_Exercise requirements_
For this exercise, please return exactly the line containing "2011 BMW 3 Series" and each line after it through the end of the records, with no pictures included.

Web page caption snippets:
▬▬▬

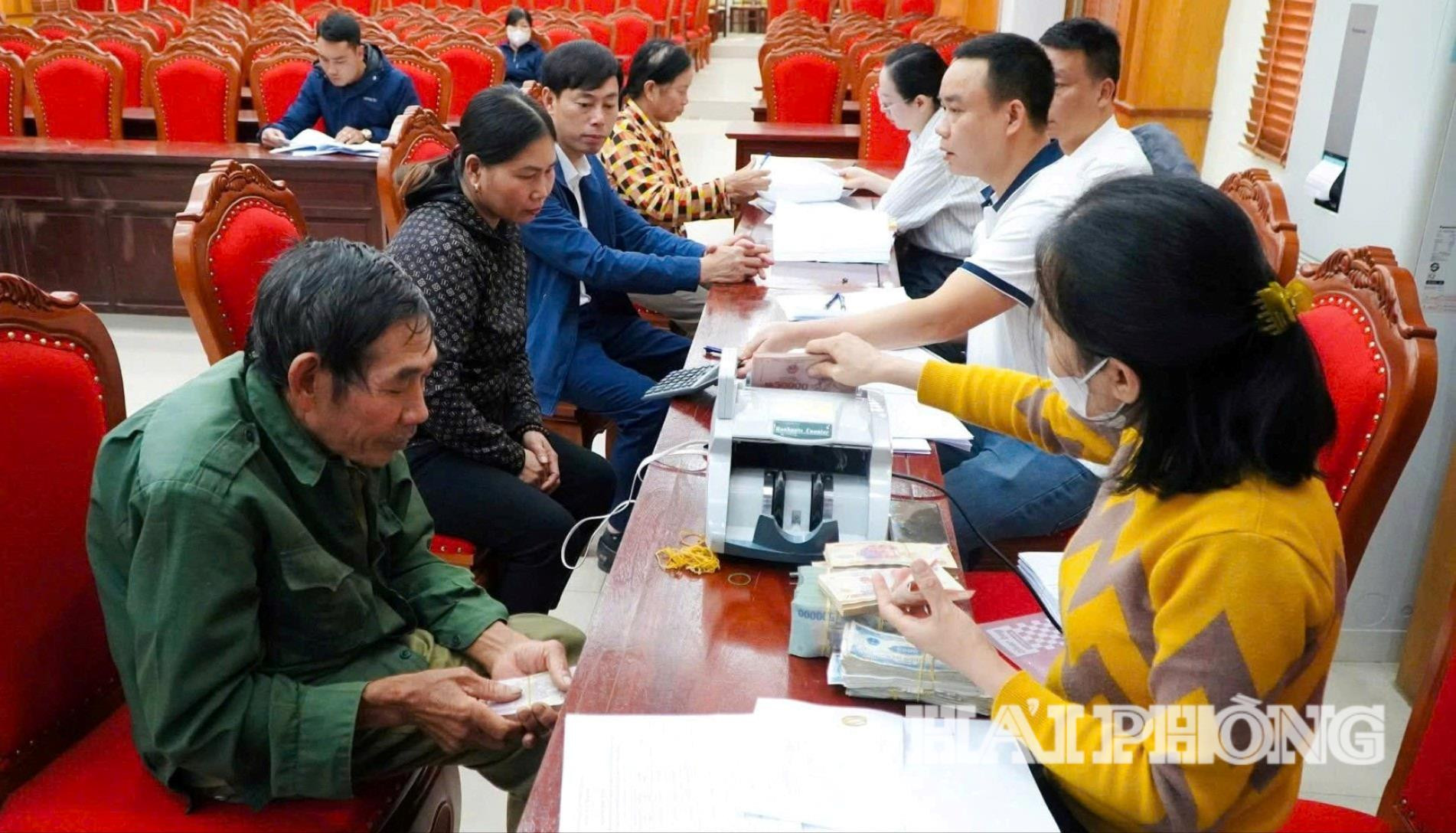 chi-tra-boi-thuong-kcn-tu-minh(1).jpg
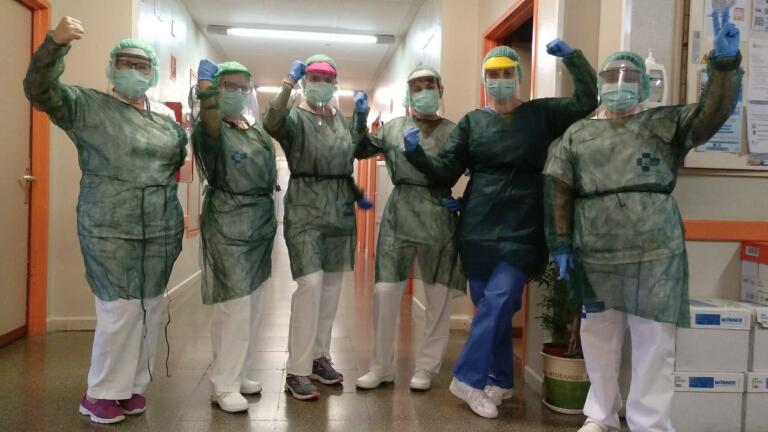Un grupo de sanitarios del Hospital Comarcal de Melilla mostraba ayer su satisfacción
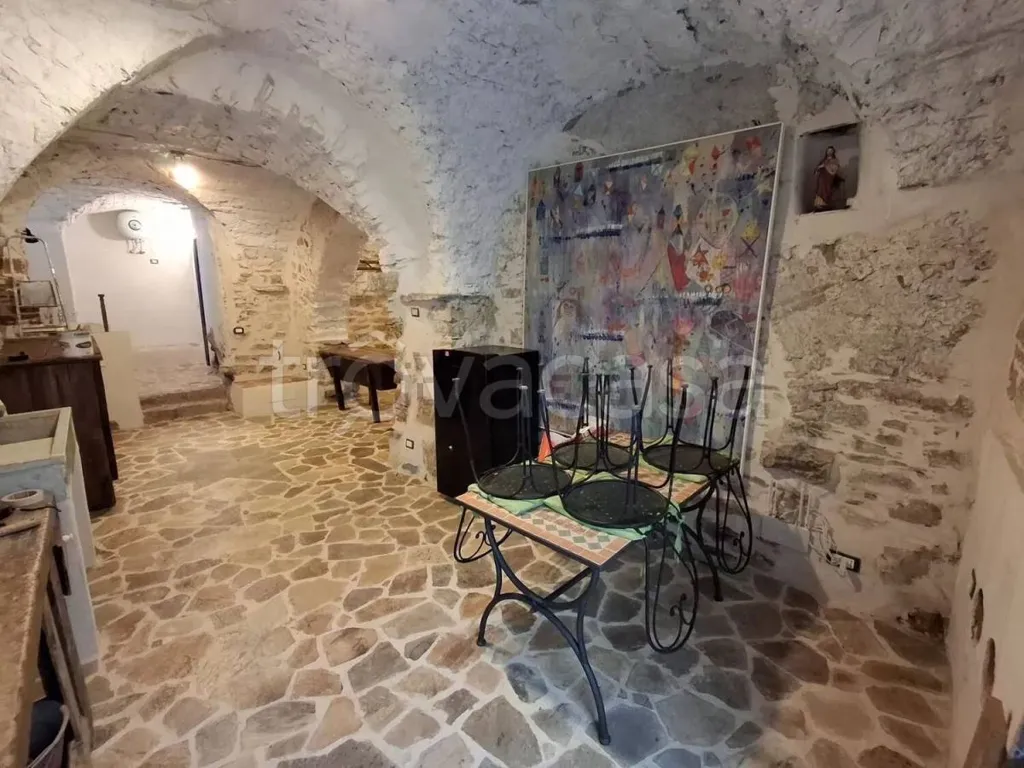 Toad - Restored Apartment in Historic Centre, Cipressa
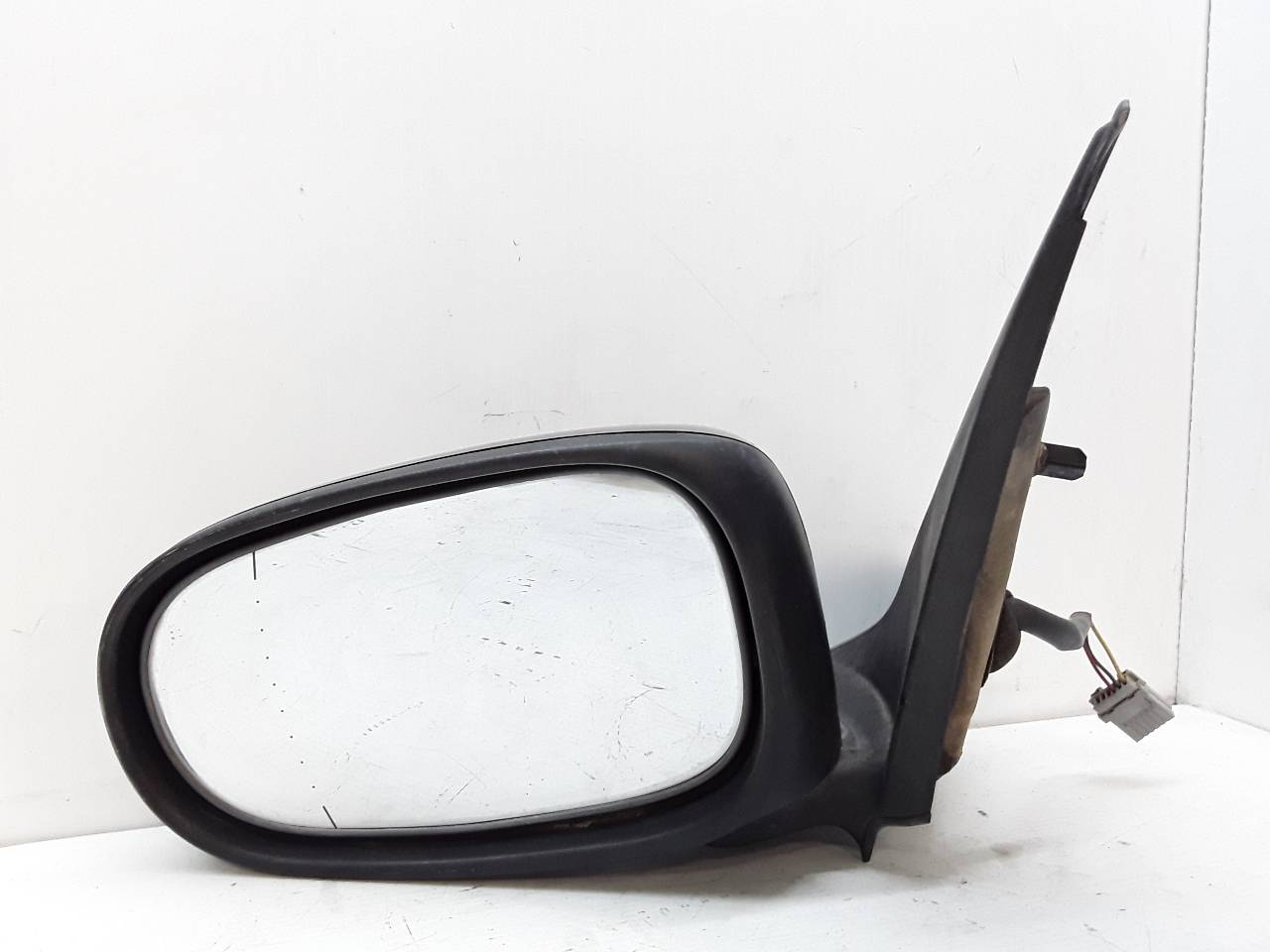 Retrovisor izquierdo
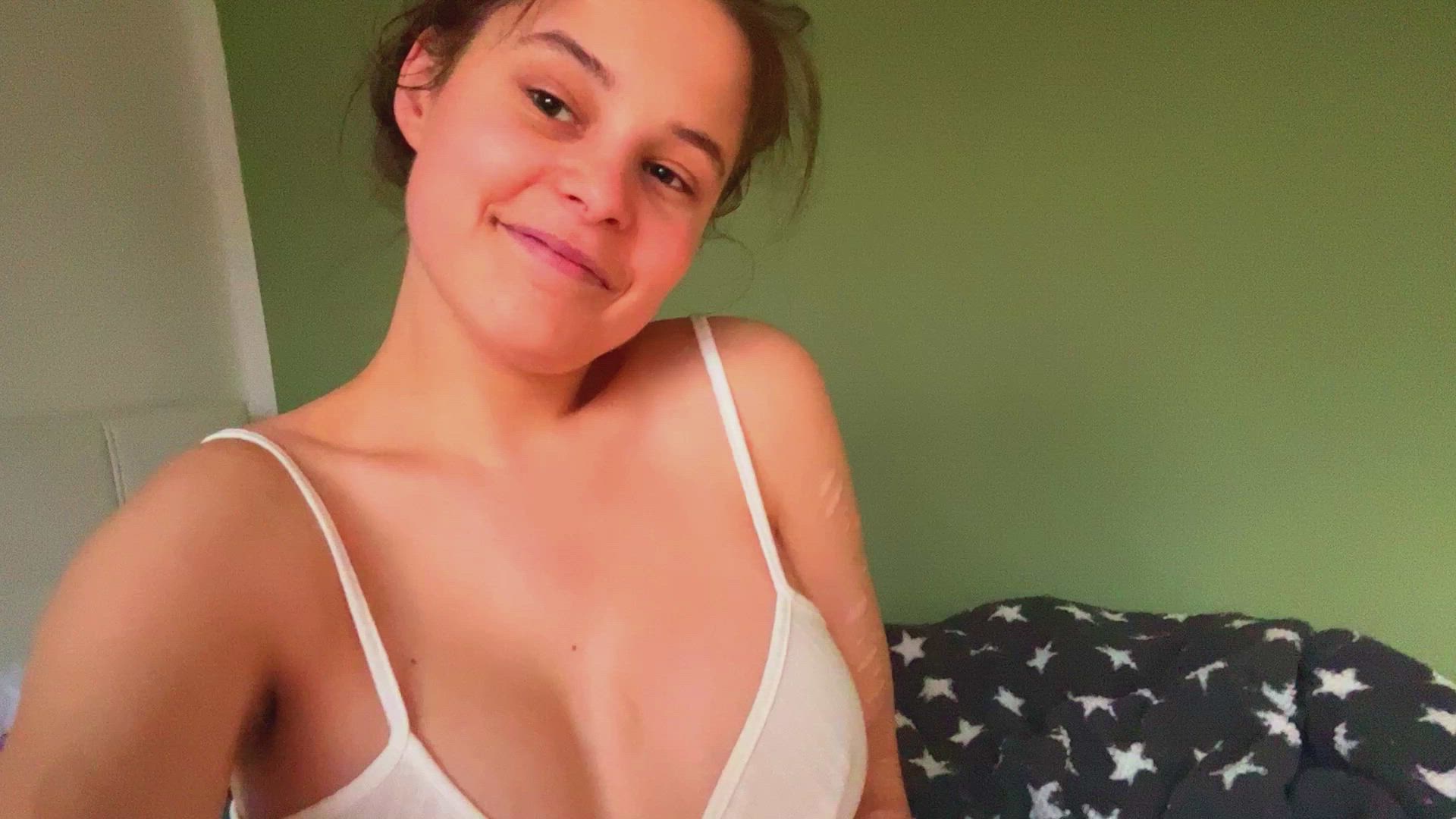Lucyxreal1 <strong>@lucxyx</strong> in big natural tits amateur boobs porn video
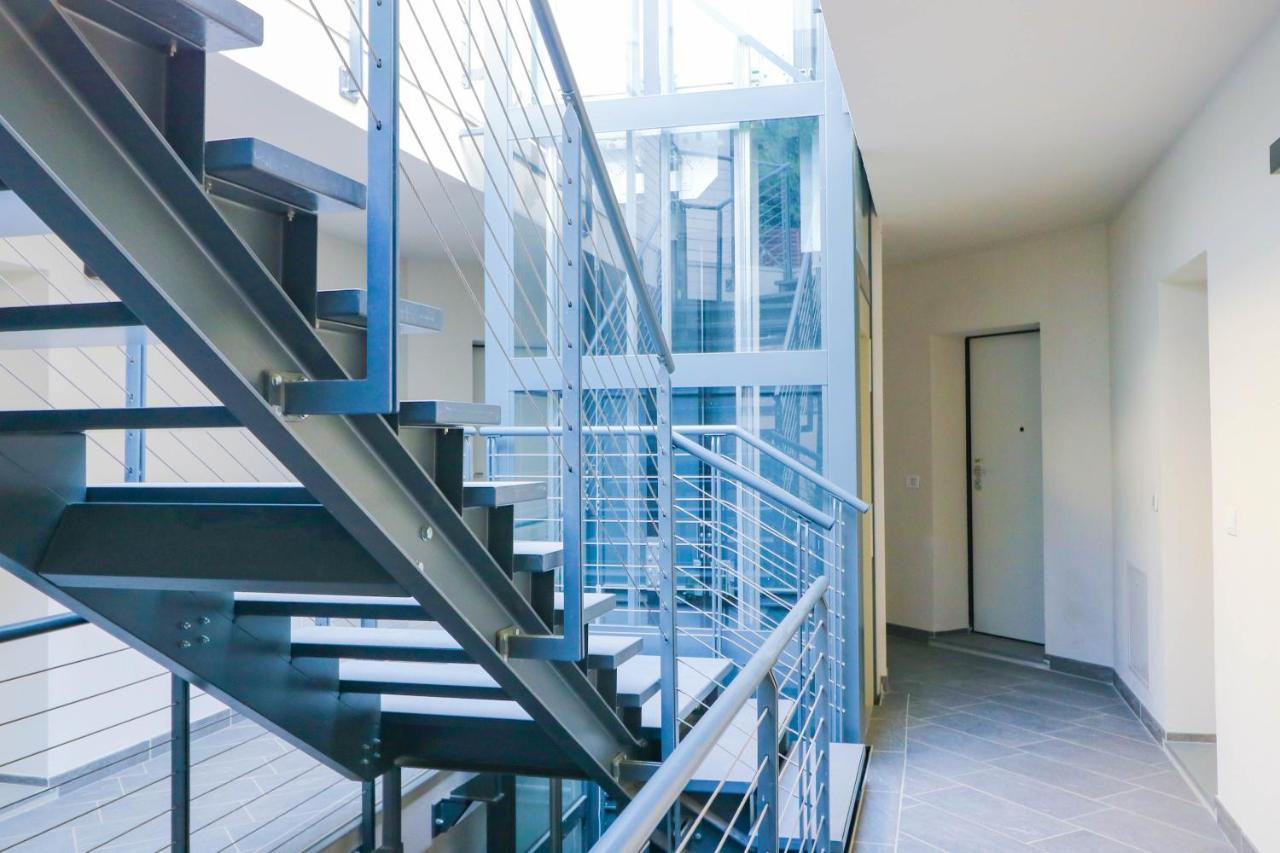 H11 Luxury 17a Porto - Piscina - Jacuzzi Apartment
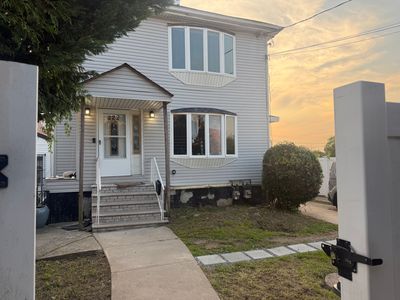 222 Amber St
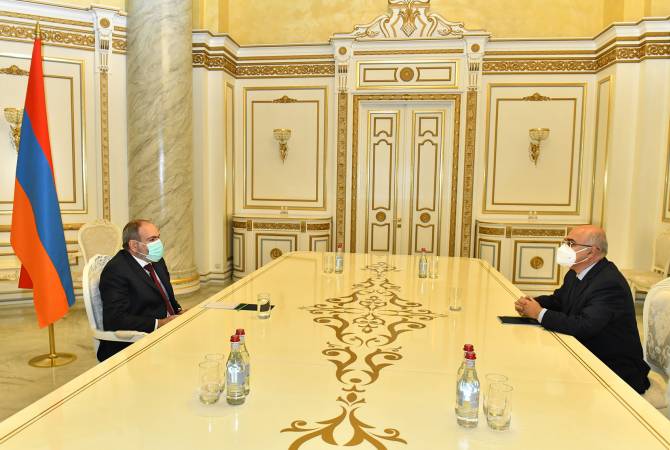 Pashinyan starts series of meetings with business representatives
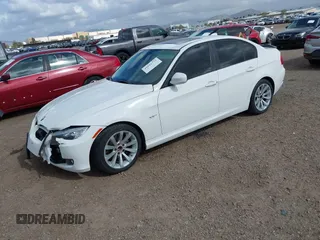 2011 BMW 3 Series 328i with VIN WBAPH5G53BNM80849, listed as a IAAI auction lot 41942772 with 84,876 mi miles. Bid and sale history available at carsss.com. Image 17.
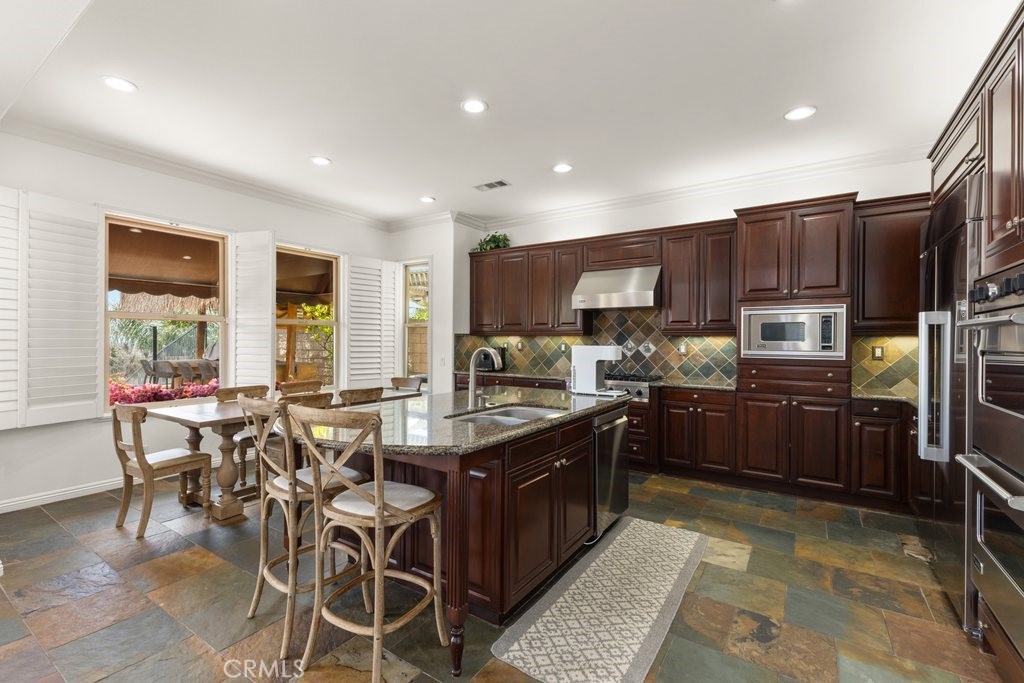 4067 Hoosier Lawn Way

▬▬▬

_Written answer_
 2011 BMW 3 Series 328i with VIN WBAPH5G53BNM80849, listed as a IAAI auction lot 41942772 with 84,876 mi miles. Bid and sale history available at carsss.com. Image 17.
 4067 Hoosier Lawn Way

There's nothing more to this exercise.